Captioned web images

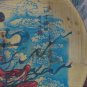 Bamboo Small Collector Plate - Geisha Design - 6 1/4" - 1970s / 1980s Vintage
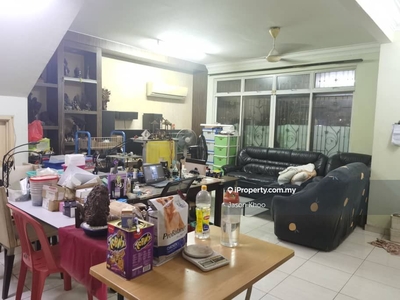 Skudai Villa fully furnished apartment for sale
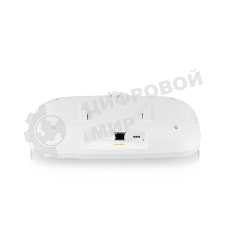 Точка доступа Zyxel NebulaFlex Pro WBE510D, Wi-Fi 7 (BE6500), MU-MIMO 4x4:2 + 2x2, двойные антенны (стена-потолок), 1xLAN 2.5GE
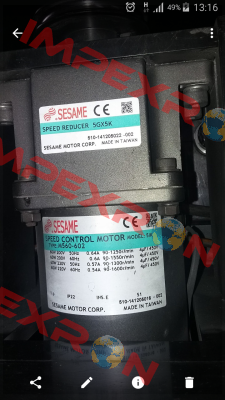 5GX5K  Sesame Motor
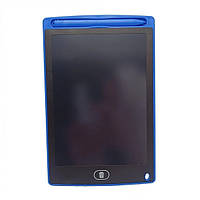 Дитячий ігровий планшет для малювання LCD екран "Stitch" Bambi ZB-96 Blue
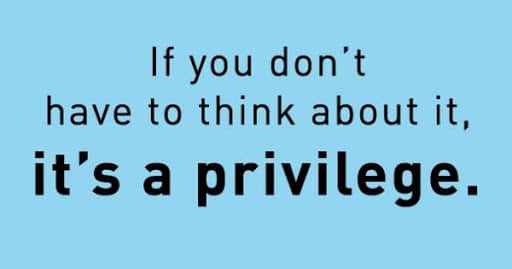 Chi ha paura del privilegio?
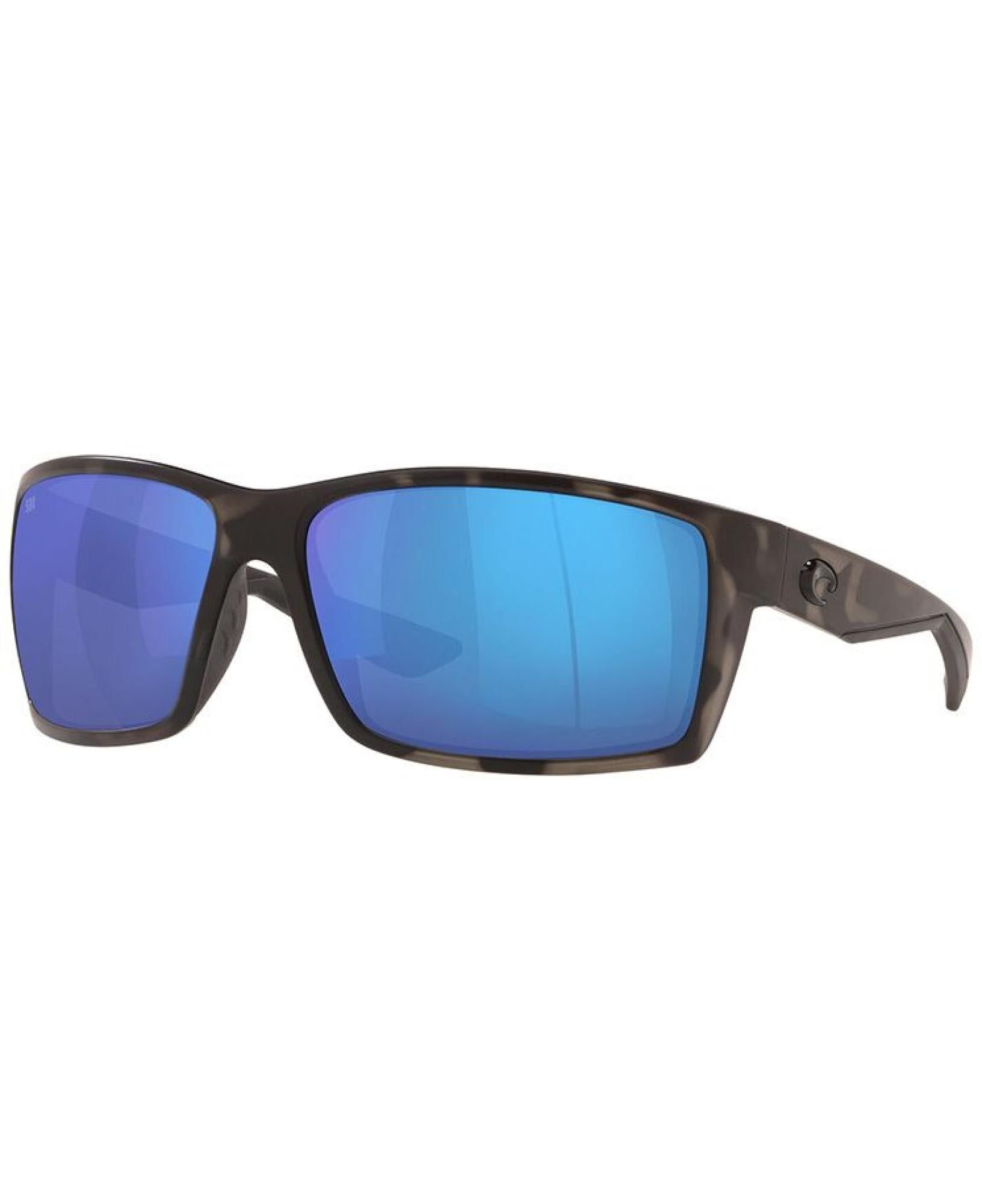 Reefton Ocearch Matt Tiger Shark Blue Mirror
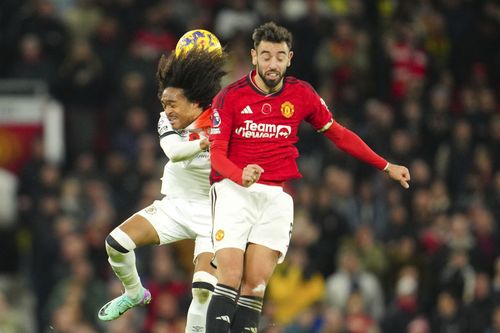 Manchester United captain Bruno Fernandes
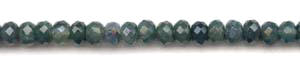 Moss Agate Beads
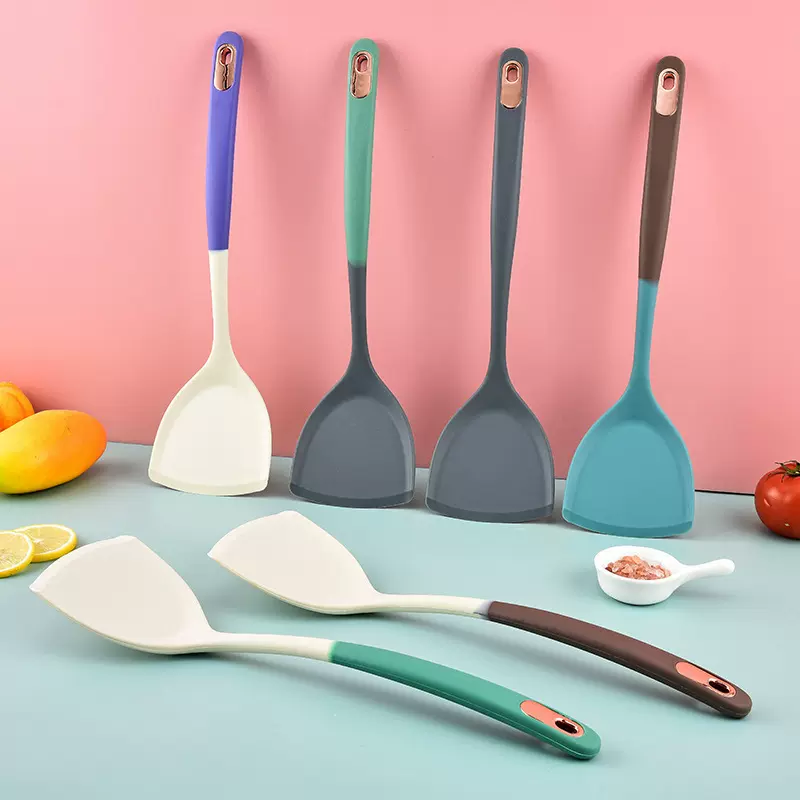 新款硅胶铲勺套装耐高温炒菜铲子护锅铲不粘锅烹饪锅铲汤勺现货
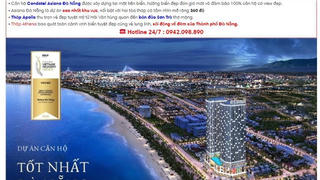 Đà Nẵng cảnh báo giao dịch tại dự án Asiana và dự án Khu đô thị Xanh Bàu Tràm Lakeside
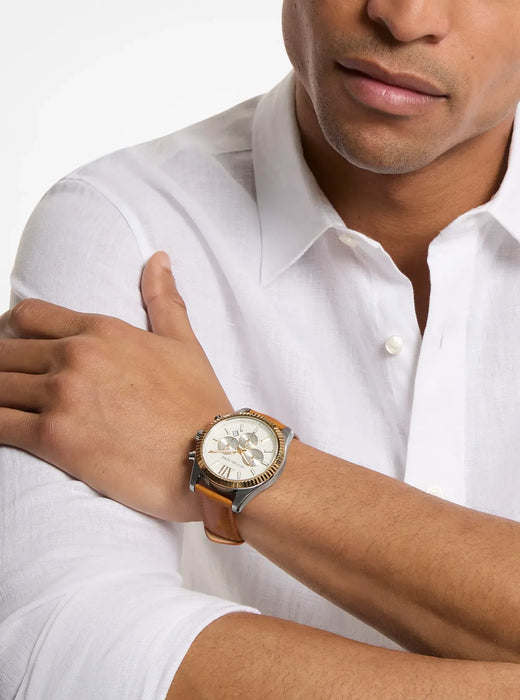 Michael Kors Lexington White Men Watch Mk9257_6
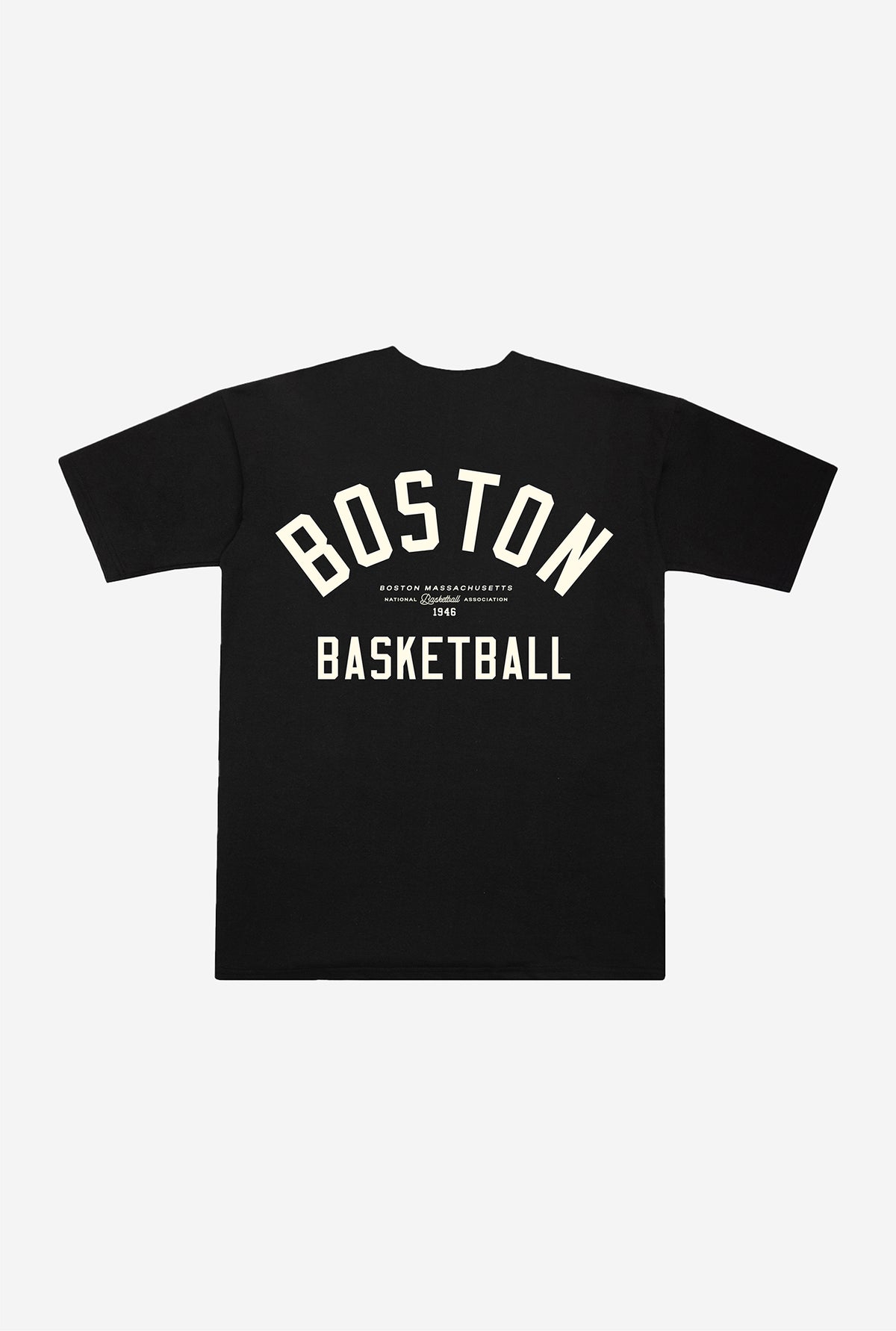 Boston Celtics Premium Heavyweight T-Shirt - Black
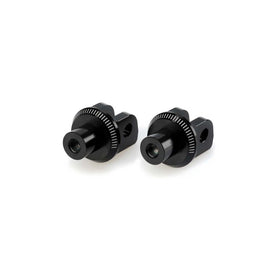 PUIG ADATTATORI POGG. FISSI CONDUCENTE BMW G310 R 21-25 NERO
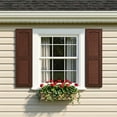 thumbnail image 5 of Barara King Shutters for Windows with Premium Board and Batten, Modern Shutters with Easy Mount for Farmhouse, Home Office, Living Room, Bedroom, Red(14"*25"), 5 of 8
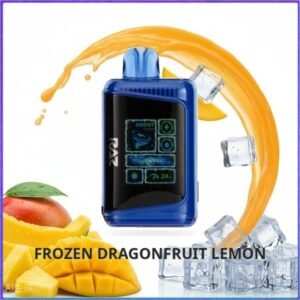 Raz DC25000 - Frozen Dragonfruit Lemon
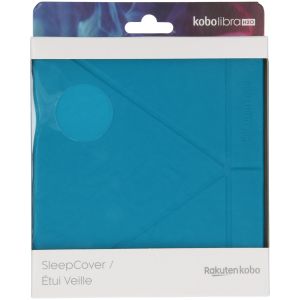 Kobo SleepCover Kobo Libra H2O - Bleu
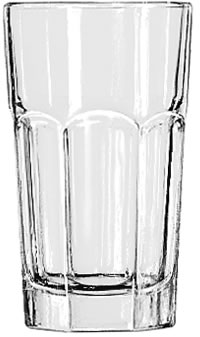 Libbey Glass Inc. - Glass, Highball, Gibraltar, 7 oz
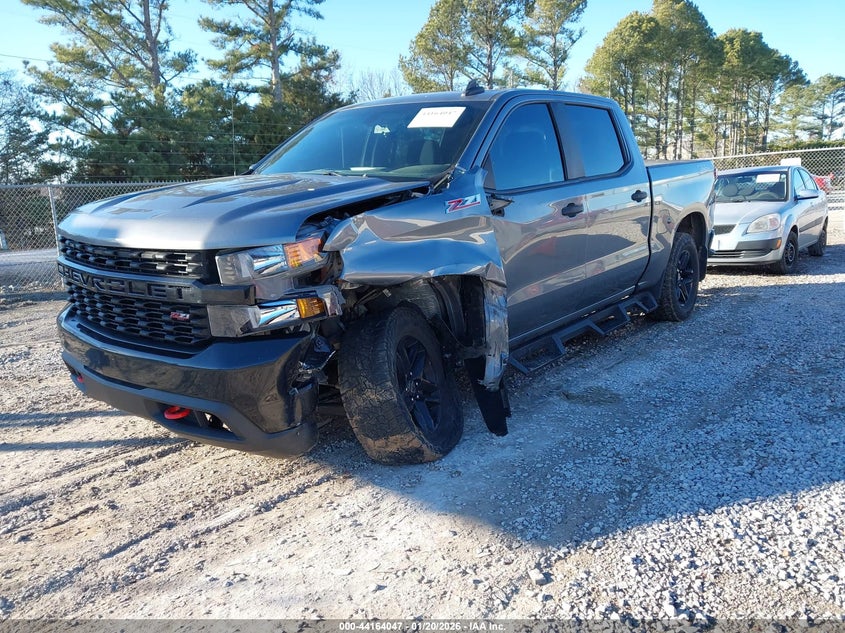 2019 Chevrolet Silverado 1500 Custom Trail Boss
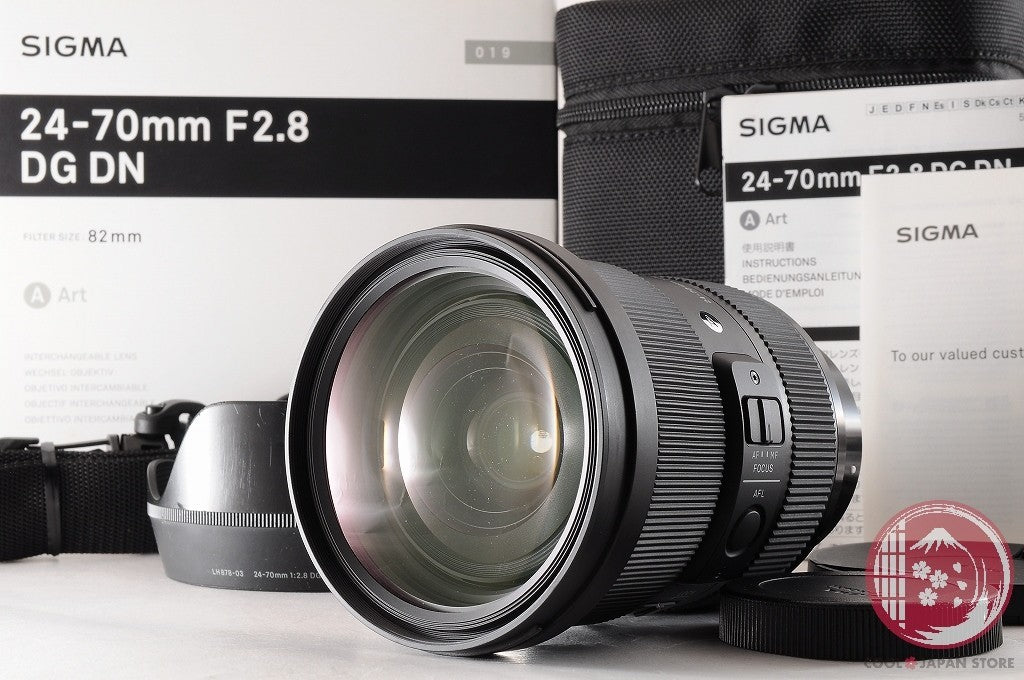 DDU [MINT+ in Box] Sigma 24-70mm f/2.8 DG DN Art SONY from Japan Lu53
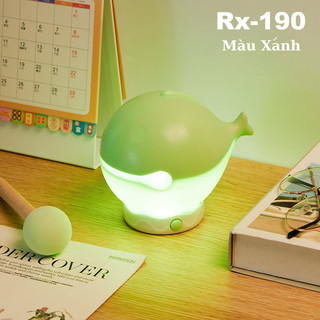 Đèn Ngủ Hình Cá Gỗ Gõ Mõ Tịnh Tâm - Đèn LED Một Chạm 3 Chế Độ Sáng, Đèn Decor Phòng Ngủ Bảo Vệ Mắt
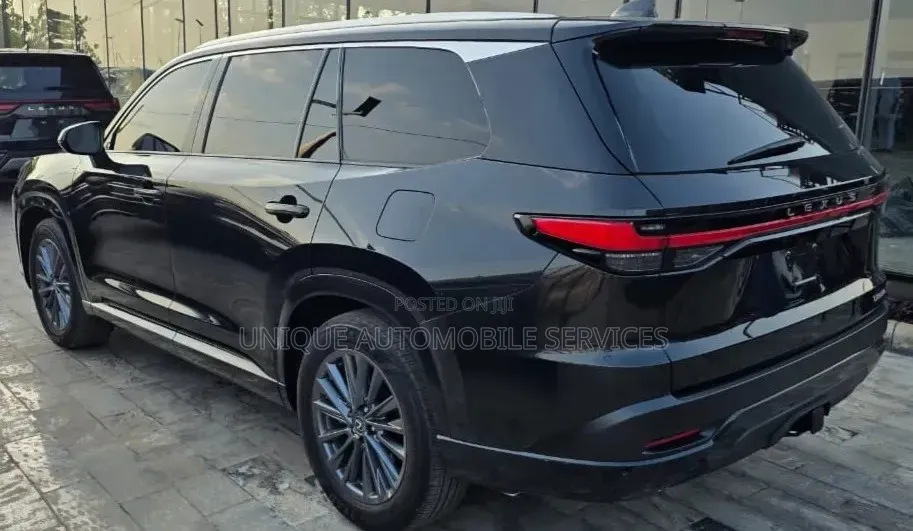 Lexus TX 350 Luxury AWD 2026 Black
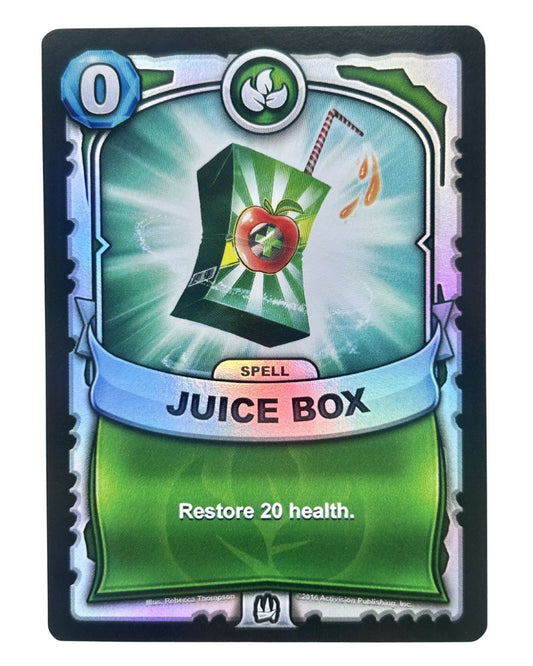 Juice Box (Battlecast) (Silver Foil) - Nick Nack's Full Frontal Attack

YOUR GOAL => Output each record above exactly; omit the images.

RESULT OF THIS EXERCISE =>
 Bamboo Small Collector Plate - Geisha Design - 6 1/4" - 1970s / 1980s Vintage
 Skudai Villa fully furnished apartment for sale
 Точка доступа Zyxel NebulaFlex Pro WBE510D, Wi-Fi 7 (BE6500), MU-MIMO 4x4:2 + 2x2, двойные антенны (стена-потолок), 1xLAN 2.5GE
 5GX5K  Sesame Motor
 Дитячий ігровий планшет для малювання LCD екран "Stitch" Bambi ZB-96 Blue
 Chi ha paura del privilegio?
 Reefton Ocearch Matt Tiger Shark Blue Mirror
 Manchester United captain Bruno Fernandes
 Moss Agate Beads
 新款硅胶铲勺套装耐高温炒菜铲子护锅铲不粘锅烹饪锅铲汤勺现货
 Đà Nẵng cảnh báo giao dịch tại dự án Asiana và dự án Khu đô thị Xanh Bàu Tràm Lakeside
 Michael Kors Lexington White Men Watch Mk9257_6
 Boston Celtics Premium Heavyweight T-Shirt - Black
 PUIG ADATTATORI POGG. FISSI CONDUCENTE BMW G310 R 21-25 NERO
 thumbnail image 5 of Barara King Shutters for Windows with Premium Board and Batten, Modern Shutters with Easy Mount for Farmhouse, Home Office, Living Room, Bedroom, Red(14"*25"), 5 of 8
 Raz DC25000 - Frozen Dragonfruit Lemon
 Kobo SleepCover Kobo Libra H2O - Bleu
 Libbey Glass Inc. - Glass, Highball, Gibraltar, 7 oz
 2019 Chevrolet Silverado 1500 Custom Trail Boss
 DDU [MINT+ in Box] Sigma 24-70mm f/2.8 DG DN Art SONY from Japan Lu53
 Đèn Ngủ Hình Cá Gỗ Gõ Mõ Tịnh Tâm - Đèn LED Một Chạm 3 Chế Độ Sáng, Đèn Decor Phòng Ngủ Bảo Vệ Mắt
 Lexus TX 350 Luxury AWD 2026 Black
 Juice Box (Battlecast) (Silver Foil) - Nick Nack's Full Frontal Attack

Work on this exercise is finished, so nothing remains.